EXHIBIT 10.35
SECURITY AGREEMENT
December 31, 2001
I. Parties, Collateral, and Obligations
XXXXXX X. XXXXXX (hereinafter called "Debtor"), residing at 00000
Xxxxxxxxxxx, Xxxxxxx, Xxxxx 00000, for valuable considerations, receipt of which
is hereby acknowledged, hereby grants to BINDVIEW DEVELOPMENT CORPORATION, a
Texas corporation (hereinafter called "Secured Party"), whose address is a 0000
Xxx Xxxxxx, Xxxxx 0000, Xxxxxxx, Xxxxx 00000, a security interest in the
following property:
(i) all shares of capital stock of BindView Development
Corporation, a Texas corporation ("BVEW"), now owned or hereafter
acquired by Debtor (including, but not limited to, all shares of BVEW
capital stock acquired by Debtor with the proceeds of the Note (as
hereinafter defined) and all shares of BVEW capital stock acquired by
Debtor upon the exercise of any stock options granted by BVEW to
Debtor); (ii) all of Debtor's rights and interests in and under that
certain Restricted Stock Agreement dated December 31, 2001, between
BVEW and Debtor; and (iii) all of Debtor's rights and interests,
whether now existing or hereafter acquired or arising, to acquire any
share of capital stock of BVEW (including, but not limited to, any
rights of Debtor under any future stock option agreements, stock option
plans and stock incentive or compensation plans or agreements);
together with all proceeds, monies, income, investment property, revenues,
royalties, funds and benefits attributable or accruing to said property, which
Debtor is or may hereafter become entitled to receive on account of said
property, including, but not by way of limitation, all interest, premium,
redemption proceeds and other principal payments and all dividends and other
distributions on or with respect to capital stock whether payable in cash, stock
or other property and all subscription and other rights. In the event that
Debtor shall receive any of the foregoing, Debtor shall receive and hold the
same in trust for Secured Party and shall not commingle the same with other
monies or property, and Debtor shall promptly and immediately deliver same to
Secured Party. All property in which Secured Party is herein granted a security
interest is hereinafter called the "Collateral."
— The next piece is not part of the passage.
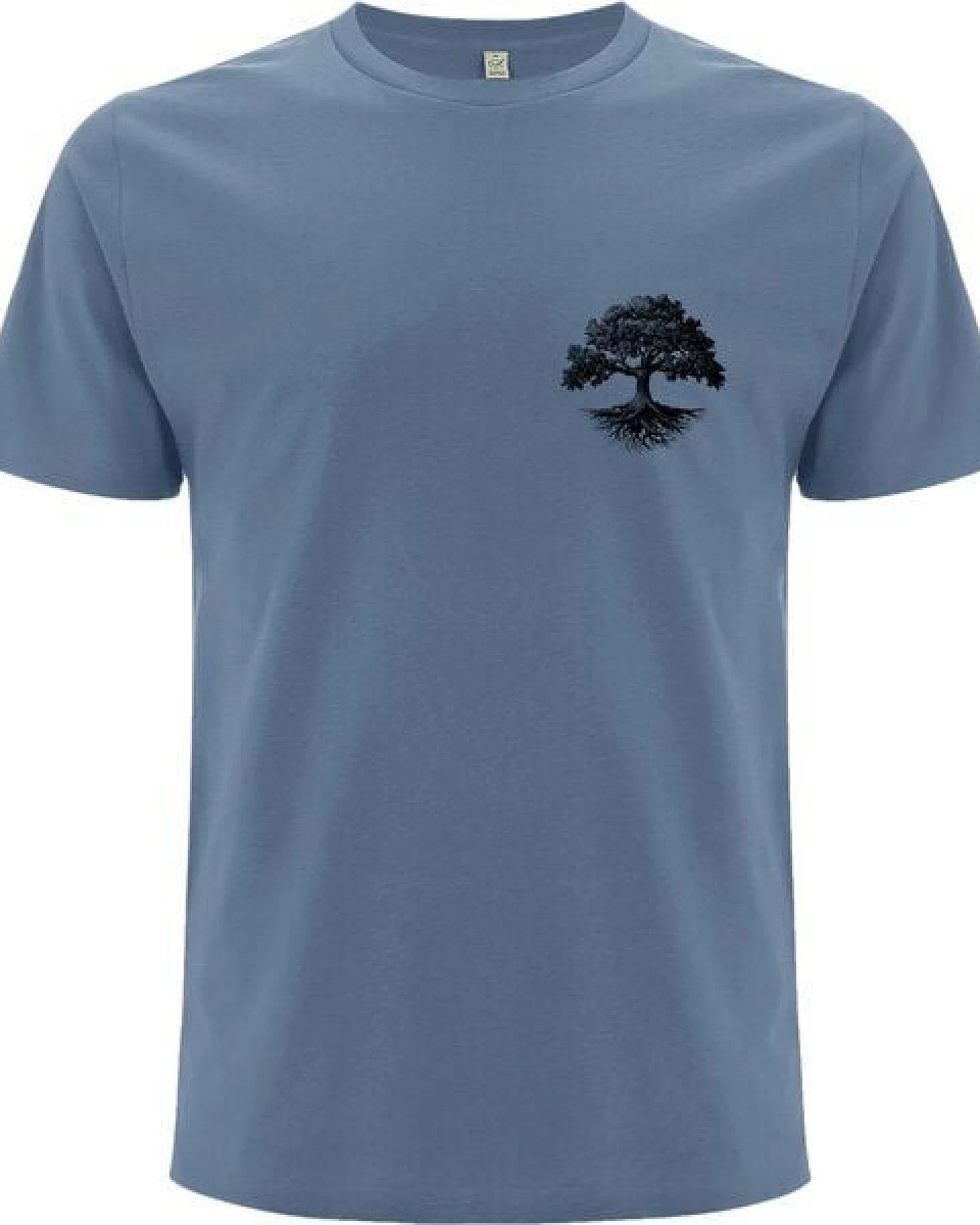 Spreecult Kleiner Baum - Bio und Fair - Männer Unisex T-Shirt - Baumwurzel – Ansicht 2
The security interest granted herein secures the payment of all
liabilities, indebtedness, and obligations of Debtor to Secured Party
(hereinafter called the "Obligations") arising under and evidenced by a
promissory note of even date herewith (hereafter called the "Note") executed by
Debtor in the principal amount of $788,000.00, payable to the order of Secured
Party, and including costs and expenses and attorney's fees and legal expenses,
all in accordance with the terms of the Note and this Security Agreement, and
all renewals, extensions and rearrangements of the above Obligations. Unless
otherwise agreed, all of the Obligations shall be payable at the offices of
Secured Party in Houston, Xxxxxx County, Texas.
II. Warranties, Covenants and Agreements of the Debtor
Debtor hereby warrants, covenants and agrees that:
(1) Except for the security interest granted hereby and the restrictions
on transfer set forth in the Restricted Stock Agreement, Debtor is the owner and
holder of all the Collateral free from any adverse claim, security interest,
encumbrance, lien, charge or any other right, title, or interest of any person
other than Secured Party; Debtor has full power and lawful authority to sell,
transfer and assign the Collateral to Secured Party and to grant to the Secured
Party a first, prior and valid security interest therein as herein provided; the
execution and delivery and the performance hereof are not in contravention of
any indenture, agreement or undertaking to which the Debtor is a party or by
which the Debtor is bound.
(2) (a) Debtor has not heretofore signed any financing statement or
security agreement which covers any of the Collateral, and no such financing
statement or security agreement is now on file in any public office.
(b) As long as any amount remains unpaid on any of the
Obligations, (i) Debtor will not enter into or execute any security agreement or
any financing statement which covers any of the Collateral other than those
security agreements and financing statements in favor of Secured Party
hereunder, and further (ii) there will not be on file in any public office any
financing statement or statements (or any documents or papers filed as such)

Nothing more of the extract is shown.